The quorum court knocked it out before a circuit judge buried the next morning

POPE COUNTY, Ark. — A Pope County circuit judge declared a voter-approved ordinance as unconstitutional that would have required an election before allowing a casino to be approved.

Circuit Court Judge Bill Pearson dismissed or struck down allegations by the anti-casino group Citizens for a Better Pope County in a Tuesday morning hearing. 

"I'm actually really shocked and disappointed," said Anna Stiritz, a lawyer and spokesperson for the anti-casino group.

It was a bad 18 hours for those opposed to the casino plans after the quorum court, with an eye on the court case, repealed it Monday night. That was the shot. Judge Pearson provided the chaser on Tuesday morning.

"We're ecstatic. We're very excited and hopefully, now we'll be able to move forward," was the opposite reaction from Kelly Jett the community organizer whose Facebook group Pope County Majority changed minds in the months after the 2019 election.

"I think PCM basically just became a voice for those who weren't being heard," she said after the hearing. "We are a voice for those who were uninformed and misinformed."

Her group has more than 7,000 followers and responded to a challenge from a once-skeptical county judge Ben Cross. He went on to lend his backing to the Legends Casino plan put forward by the Cherokee Nation.

Stiritz says the 12,000 voters who spoke last year should still be heard despite the wording of the constitutional amendment that paved the way for casinos in the state.

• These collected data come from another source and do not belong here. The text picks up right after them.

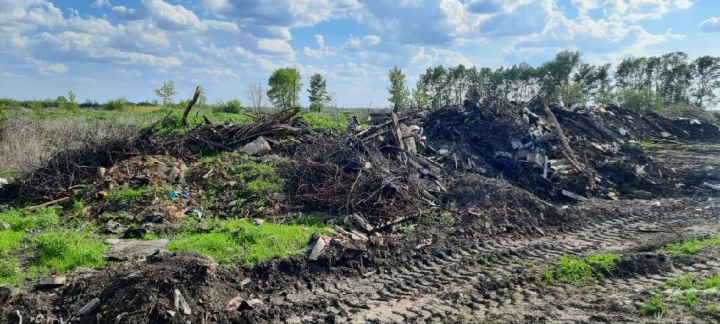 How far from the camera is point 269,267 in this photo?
236 inches

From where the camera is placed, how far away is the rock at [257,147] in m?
11.9

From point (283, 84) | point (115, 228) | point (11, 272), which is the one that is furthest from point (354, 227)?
point (283, 84)

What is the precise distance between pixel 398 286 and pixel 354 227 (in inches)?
85.9

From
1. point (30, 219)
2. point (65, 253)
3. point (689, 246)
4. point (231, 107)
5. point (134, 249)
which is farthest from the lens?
point (231, 107)

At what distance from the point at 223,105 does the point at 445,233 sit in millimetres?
26924

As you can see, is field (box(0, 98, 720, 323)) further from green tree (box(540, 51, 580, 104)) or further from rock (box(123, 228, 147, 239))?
green tree (box(540, 51, 580, 104))

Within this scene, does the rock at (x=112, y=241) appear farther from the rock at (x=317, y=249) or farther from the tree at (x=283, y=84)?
the tree at (x=283, y=84)

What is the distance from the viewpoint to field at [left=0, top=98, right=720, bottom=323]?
511cm

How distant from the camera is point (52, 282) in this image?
530cm

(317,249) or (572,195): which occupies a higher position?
(572,195)

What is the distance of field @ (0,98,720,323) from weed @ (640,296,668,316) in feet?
0.18

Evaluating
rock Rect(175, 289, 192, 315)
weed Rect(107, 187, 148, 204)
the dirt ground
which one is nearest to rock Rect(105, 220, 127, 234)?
weed Rect(107, 187, 148, 204)

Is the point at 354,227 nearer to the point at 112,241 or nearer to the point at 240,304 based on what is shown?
the point at 240,304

"Amendment 100 is carefully crafted," Stiritz said. "It was written by casino interests, paid to get through the ballot box by casino interests and they did their very best to make sure that they wrote the rules and enforced them on everybody."

The Tuesday lawsuit is one of at least three legal or governmental hurdles to getting a casino approved. There's Gulfside Casino with a lawsuit against the state racing commission and armed with an approval letter from the previous county judge. The City of Russellville wants to be dealt back in after the county moved forward with the Cherokee. They backed a proposal from Elite Management.

There's still lots of cards to deal but Legends has the biggest stack and plenty of backing.

"We're just excited to move forward," Jett said. "We're just excited for the progress and we can't wait for them to build it."